Appeal from a judgment of the Ontario County Court (Frederick G. Reed, A.J.), rendered June 23, 2010. The judgment convicted defendant, upon a jury verdict, of criminal sale of a controlled substance in the third degree (three counts) and criminal possession of a controlled substance in the seventh degree (three counts).
It is hereby ordered that the judgment so appealed from is unanimously affirmed.
Memorandum: Defendant appeals from a judgment convicting him upon a jury verdict of three counts of criminal sale of a controlled substance in the third degree (Penal Law § 220.39 [1]) and three counts of criminal possession of a controlled substance in the seventh degree (§ 220.03). Contrary to defendant’s contention, County Court did not abuse its discretion in denying defendant’s request for a lengthier adjournment. “The decision whether to grant an adjournment lies in the sound discretion of the trial court . . . , and the court’s exercise of that discretion ‘in denying a request for an adjournment will not be overturned absent a showing of prejudice’ ” (People v Adair, 84 AD3d 1752, 1754 [2011], lv denied 17 NY3d 812 [2011]). Here, defendant requested an adjournment at the start of the trial because he had received documents from the People the previous evening showing that marked buy money was recovered from defendant upon his arrest after one of the alleged sales. Defense counsel indicated that he wanted to contact defendant’s two former attorneys inasmuch as he believed that *1358they had been told that no buy money was ever recovered from defendant. The court granted a half-day adjournment, and we conclude that it was not an abuse of discretion for the court to deny defendant’s request for a more extended adjournment (see generally People v Spears, 64 NY2d 698, 699-700 [1984]).
We reject defendant’s contention that he was denied effective assistance of counsel. Defendant failed to show the absence of strategic or other legitimate explanations for defense counsel’s waiver of the Huntley and Wade hearings and, indeed, the record establishes that defense counsel waived those hearings in exchange for early discovery of Rosario material (see People v Sinkler, 112 AD3d 1359, 1361 [2013]; People v Jurjens, 291 AD2d 839, 840 [2002], lv denied 98 NY2d 652 [2002]; see generally People v Rivera, 71 NY2d 705, 709 [1988]). Moreover, defendant failed to show that those hearings would have been successful (see generally People v Stultz, 2 NY3d 277, 287 [2004], rearg denied 3 NY3d 702 [2004]). We further conclude that defense counsel was not ineffective based on certain comments he made about defendant during his opening and closing statements (see People v Washington [appeal No. 2], 19 AD3d 1180, 1180-1181 [2005], lv denied 5 NY3d 833 [2005]).

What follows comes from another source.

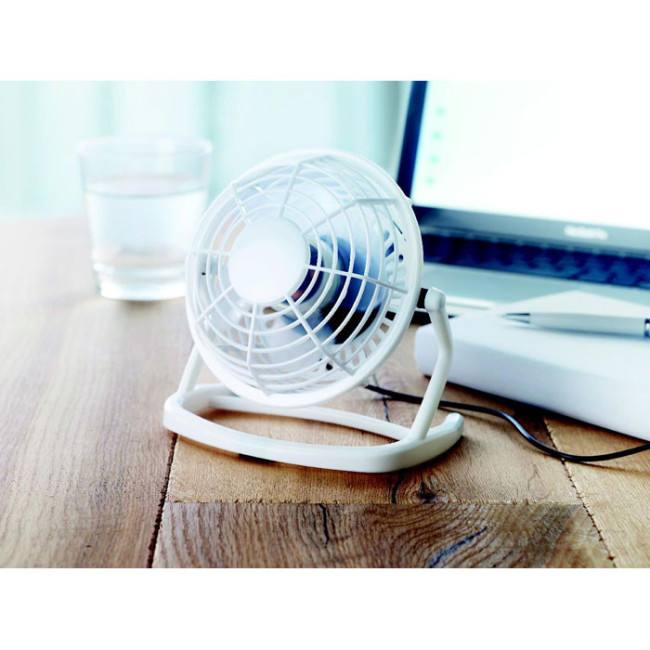 Ventilateur Publicitaire Air 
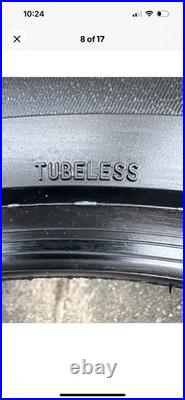 Avon ZX7 225/45/19 96Y Extra Load X4 Brand New Dot 2025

Viewing the evidence in light of the elements of the crimes as charged to the jury (see People v Danielson, 9 NY3d 342, 349 [2007]), we reject defendant’s further contention that the verdict is against the weight of the evidence (see generally People v Bleakley, 69 NY2d 490, 495 [1987]). Defendant failed to preserve for our review his contention that he was penalized for rejecting the plea offer and exercising his right to a jury trial (see People v Stubinger, 87 AD3d 1316, 1317 [2011], lv denied 18 NY3d 862 [2011]). In any event, that contention is without merit (see id.), and the sentence is not unduly harsh or severe.
Present — Centra, J.R, Fahey, Lindley, Sconiers and Whalen, JJ.